The issues surrounding urban planning and development are far too complex, and the short term and long term consequences far too significant, to be trivialized with the phrases “get with the program” and “get over yourselves”.
There are numerous examples of sensitive urban development that accommodate population growth without high rises, and that respect both the historical and environmental character of established neighbourhoods. We should all be highly sceptical of advocates of “growth” and its benefits, especially when those alleged benefits encompass very large physical and social transformations.
Growth per se is neither inherently good nor bad, nor should opponents of specific development projects be characterized as “resisting change” or “looking backward”. We have travelled in Europe where examples of urban development and renewal that do not involve tearing down existing structures are the norm rather than the exception.

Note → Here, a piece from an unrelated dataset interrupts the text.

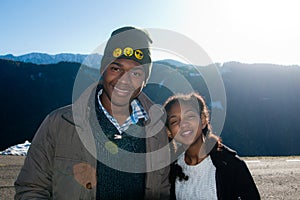 African American boy and girl on vacation in the mountains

Finally, it is simply not the case that urban development invariably leads to economic improvement (for individuals or neighbourhoods). If such development occurs in defiance of community input, and without due regard for the environment, the economic benefit is negative. Sadly, Leaside now has too many examples where this is the case.
Mick Kahan and Joanne Harack,
Rykert Cres. and Broadway
LOL at the government
I noticed that you wrote Stephen Harper said in the speech he gave at the centennial Leaside gala that he lived in 324 Bessborough Dr. As I live there now I was very interested to see if that was true. I listened to his speech online, and he actually says he lived at 332 Bessborough Dr. I thought you would want to know!
(LL) Thanks. The copy of the speech was sent to us by his office and (we) never thought of checking the number to the audio. (We’ll) check and see what happened.
(GT) No worries! I looked up the copy of his speech as well on the government site (http://pm.gc.ca/eng/media.asp?id=5454), and they had 324 Besmer Dr., so there was obviously some miscommunication! I just didn’t want you to publish anything inaccurately nor take away anything from 332 Bessborough Dr. 🙂
(LL) … guess the lesson is never trust the government!
We have his speech on our website too. www.leasidelifenews.com.
And we will defend to the last drop of blood 332 Bessborough (or Besmer if need be).
Thanks. We’ll get a correction into the next issue of the paper.